Industry experts have highlighted a potential opportunity to evolve environmental, social and governance (ESG) disclosures from being highly data driven to a more narrative-based approach.
In a session at the Pensions and Lifetime Savings Association (PLSA) ESG Conference, panel members discussed the advent of climate transition plans amid the Transition Plan Taskforce’s (TPT) consultation on sector-specific guidance.
The Pensions Regulator (TPR) climate and sustainability lead, Mark Hill, said that the challenge for ESG reporting was to make sure that it does not become a tick-box exercise.
“There’s been comments made about reporting burden, and concerns that is only going to get larger, and, from our perspective, what we don’t want to see again is to go back to preparers seeing this as a compliance tick-box,” he continued.
“Similarly from a regulatory perspective. We’re involved in the conversations with individuals in the pensions industry around the challenges they face, such as climate scenario analysis; we’re very much involved in that discussion.
“We’re very much there helping shape things moving forward, and very keen to engage with trustees.”

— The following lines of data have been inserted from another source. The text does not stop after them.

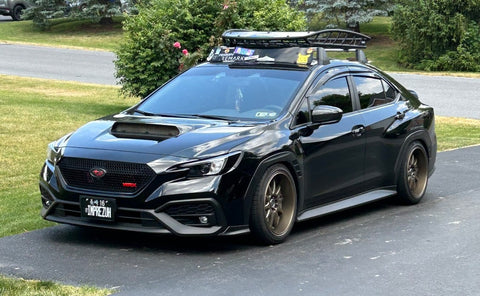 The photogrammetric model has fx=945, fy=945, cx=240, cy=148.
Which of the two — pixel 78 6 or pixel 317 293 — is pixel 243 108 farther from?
pixel 78 6

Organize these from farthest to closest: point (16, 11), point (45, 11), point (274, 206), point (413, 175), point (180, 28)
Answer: point (16, 11), point (45, 11), point (180, 28), point (413, 175), point (274, 206)

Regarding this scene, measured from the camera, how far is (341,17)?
34219mm

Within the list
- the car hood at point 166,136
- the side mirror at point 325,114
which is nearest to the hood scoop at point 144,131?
the car hood at point 166,136

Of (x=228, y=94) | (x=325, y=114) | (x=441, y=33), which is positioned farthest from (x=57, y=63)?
(x=325, y=114)

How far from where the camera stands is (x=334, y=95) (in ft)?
28.8

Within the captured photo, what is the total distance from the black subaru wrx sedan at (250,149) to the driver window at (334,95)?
16 mm

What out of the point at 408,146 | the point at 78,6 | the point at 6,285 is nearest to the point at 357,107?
the point at 408,146

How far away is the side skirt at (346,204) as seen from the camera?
813 centimetres

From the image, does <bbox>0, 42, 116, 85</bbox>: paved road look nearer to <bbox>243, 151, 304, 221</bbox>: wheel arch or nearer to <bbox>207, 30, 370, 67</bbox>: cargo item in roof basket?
<bbox>207, 30, 370, 67</bbox>: cargo item in roof basket

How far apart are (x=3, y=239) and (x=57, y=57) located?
23.5 meters

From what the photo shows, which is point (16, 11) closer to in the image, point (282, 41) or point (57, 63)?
point (57, 63)

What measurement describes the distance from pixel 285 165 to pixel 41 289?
2487 millimetres

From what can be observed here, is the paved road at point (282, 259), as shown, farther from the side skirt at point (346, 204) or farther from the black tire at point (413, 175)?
the black tire at point (413, 175)

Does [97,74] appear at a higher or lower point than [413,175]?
lower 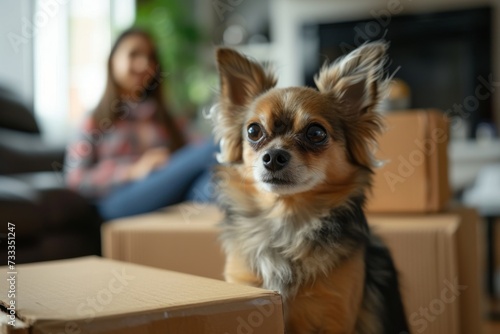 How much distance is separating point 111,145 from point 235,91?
5.87 feet

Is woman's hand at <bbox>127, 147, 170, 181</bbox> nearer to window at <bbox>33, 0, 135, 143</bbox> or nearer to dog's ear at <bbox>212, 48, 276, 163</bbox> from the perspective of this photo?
dog's ear at <bbox>212, 48, 276, 163</bbox>

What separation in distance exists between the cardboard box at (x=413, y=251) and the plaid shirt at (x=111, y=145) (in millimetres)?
1103

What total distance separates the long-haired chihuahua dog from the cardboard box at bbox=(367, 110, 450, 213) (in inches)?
13.6

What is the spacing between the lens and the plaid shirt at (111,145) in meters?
3.10

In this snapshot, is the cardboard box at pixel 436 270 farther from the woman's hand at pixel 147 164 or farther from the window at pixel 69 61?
the window at pixel 69 61

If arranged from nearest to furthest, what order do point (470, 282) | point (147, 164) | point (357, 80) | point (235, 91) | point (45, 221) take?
1. point (357, 80)
2. point (235, 91)
3. point (470, 282)
4. point (45, 221)
5. point (147, 164)

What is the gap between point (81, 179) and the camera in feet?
10.1

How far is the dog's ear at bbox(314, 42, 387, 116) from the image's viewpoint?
145cm

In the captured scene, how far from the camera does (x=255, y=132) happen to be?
4.74ft

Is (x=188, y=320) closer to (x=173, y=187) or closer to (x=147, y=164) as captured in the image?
(x=173, y=187)

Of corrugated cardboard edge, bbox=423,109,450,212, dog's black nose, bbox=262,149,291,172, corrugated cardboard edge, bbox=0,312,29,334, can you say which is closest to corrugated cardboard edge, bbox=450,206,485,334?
corrugated cardboard edge, bbox=423,109,450,212

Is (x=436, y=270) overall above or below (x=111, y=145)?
below

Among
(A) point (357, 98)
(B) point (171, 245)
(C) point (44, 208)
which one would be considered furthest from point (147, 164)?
(A) point (357, 98)


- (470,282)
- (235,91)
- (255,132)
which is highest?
(235,91) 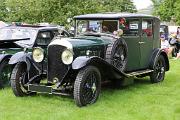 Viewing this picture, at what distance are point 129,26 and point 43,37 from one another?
8.02 ft

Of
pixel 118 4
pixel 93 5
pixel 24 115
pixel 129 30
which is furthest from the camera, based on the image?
pixel 118 4

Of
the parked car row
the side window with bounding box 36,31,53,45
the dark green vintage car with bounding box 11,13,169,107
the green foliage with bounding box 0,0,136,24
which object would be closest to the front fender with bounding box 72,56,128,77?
the dark green vintage car with bounding box 11,13,169,107

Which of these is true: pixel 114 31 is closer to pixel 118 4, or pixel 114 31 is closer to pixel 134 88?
pixel 134 88

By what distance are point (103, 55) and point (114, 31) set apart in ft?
2.22

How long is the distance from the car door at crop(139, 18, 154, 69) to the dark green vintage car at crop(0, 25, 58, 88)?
246 cm

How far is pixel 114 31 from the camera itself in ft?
31.0

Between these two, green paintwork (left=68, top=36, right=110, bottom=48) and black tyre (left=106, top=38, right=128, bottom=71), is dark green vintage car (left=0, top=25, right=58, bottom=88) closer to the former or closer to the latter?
green paintwork (left=68, top=36, right=110, bottom=48)

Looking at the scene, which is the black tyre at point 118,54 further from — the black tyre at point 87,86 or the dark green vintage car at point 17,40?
the dark green vintage car at point 17,40

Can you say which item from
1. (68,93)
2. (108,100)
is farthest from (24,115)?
(108,100)

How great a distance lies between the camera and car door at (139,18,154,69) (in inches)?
408

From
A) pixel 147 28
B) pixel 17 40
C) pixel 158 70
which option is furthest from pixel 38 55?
pixel 158 70

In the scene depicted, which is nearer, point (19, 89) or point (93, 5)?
point (19, 89)

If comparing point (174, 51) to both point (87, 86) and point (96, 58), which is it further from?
point (87, 86)

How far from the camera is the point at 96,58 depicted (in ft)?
27.1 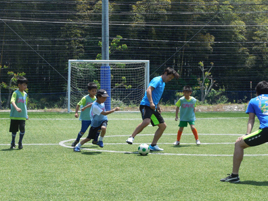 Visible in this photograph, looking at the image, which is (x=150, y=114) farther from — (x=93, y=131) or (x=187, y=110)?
(x=187, y=110)

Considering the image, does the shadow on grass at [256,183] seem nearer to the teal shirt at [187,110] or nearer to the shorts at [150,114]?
the shorts at [150,114]

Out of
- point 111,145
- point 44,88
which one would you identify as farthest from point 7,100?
point 111,145

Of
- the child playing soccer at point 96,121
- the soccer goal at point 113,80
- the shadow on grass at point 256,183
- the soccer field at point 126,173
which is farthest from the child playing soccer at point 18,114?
the soccer goal at point 113,80

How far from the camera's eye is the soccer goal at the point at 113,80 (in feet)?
69.7

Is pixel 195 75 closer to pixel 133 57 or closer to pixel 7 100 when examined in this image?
pixel 133 57

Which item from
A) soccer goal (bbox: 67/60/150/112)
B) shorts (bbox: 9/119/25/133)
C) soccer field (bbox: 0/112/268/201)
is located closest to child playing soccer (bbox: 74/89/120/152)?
soccer field (bbox: 0/112/268/201)

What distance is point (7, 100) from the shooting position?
→ 31.5 metres

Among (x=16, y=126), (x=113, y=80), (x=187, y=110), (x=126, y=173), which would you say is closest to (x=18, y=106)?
(x=16, y=126)

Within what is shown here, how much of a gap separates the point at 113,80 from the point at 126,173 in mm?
17589

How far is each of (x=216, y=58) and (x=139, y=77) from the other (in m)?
17.5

Discussing the need for a forward-looking approach, Hill floated the notion that, with the advent of transition plans and TPT guidance consultation, there could be an opportunity to evolve disclosures to embrace transition plans by becoming less data intensive and more narrative based.
“Aligned with the Task Force on Climate-Related Financial Disclosures (TCFD) in the structure already so it allows us to incorporate climate elements, nature elements and social elements, using it to form a look that we then measure progress against in a more streamlined fashion,” he said.
Also speaking on the panel, Railpen Sustainable Ownership Team senior investment manager, Adam Gillett, said that the notion of consolidating to be able to detail strategies and how they are being delivered, and leaning into the qualitative and narrative-based structure, was “really important”.
“That’s not, from my perspective, because the data isn’t good enough, I think it is good enough for lots of things, but data needs good explanation and narrative to go around it,” he continued.
“The challenge them becomes compatibility and it takes a lot longer to write a thoughtful narrative than putting numbers in a table, and to hold people to account on the narrative, but I think that’s the direction we need to go in.”